Nello specifico, si legge nel bollettino dell’Ospedale Santobono, una bimba è stata sottoposta nella notte ad intervento neurochirurgo per il monitoraggio della pressione intracranica, presenta emorragia subaracnoidea, fratture della teca cranica e versa in condizioni cliniche gravissime, con prognosi riservata. L’altra, ha una frattura infossata cranica e grave edema cerebrale. È stata sottoposta ad intervento di craniectomia decompressa nella notte e impianto di sensore per il monitoraggio della pressione intracranica. Attualmente è emodinamicamente instabile e versa in condizioni cliniche gravissime con prognosi riservata. Altre tre piccole pazienti, rispettivamente di 10, 2 e 9 anni, hanno riportato lesioni ossee importanti e sono attualmente ricoverate in ortopedia. Una per un trauma maxillo facciale con grave frattura infossata della sinfisi mandibolare e con frattura di femore esposta, un’altra con frattura chiusa del terzo distale dell’omero sinistro, l’ultima con frattura dell’omero sinistro scomposta prossimale.
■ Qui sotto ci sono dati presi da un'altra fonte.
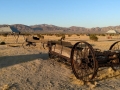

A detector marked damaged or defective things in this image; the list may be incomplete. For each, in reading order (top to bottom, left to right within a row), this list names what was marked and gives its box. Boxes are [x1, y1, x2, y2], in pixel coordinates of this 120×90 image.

rusty farm equipment [46, 40, 120, 81]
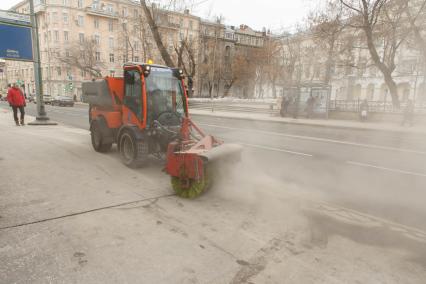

Sono state stabilizzate e saranno sottoposte in giornata a intervento chirurgico ortopedico. Le ultime due, rispettivamente di 2 e 4 anni, hanno riportato contusioni multiple con interessamento splenico, trauma cranico non commotivo e contusioni polmonari bilaterali, ricoverate in chirurgia d’urgenza sono state stabilizzate e, al momento, non presentano indicazioni chirurgiche.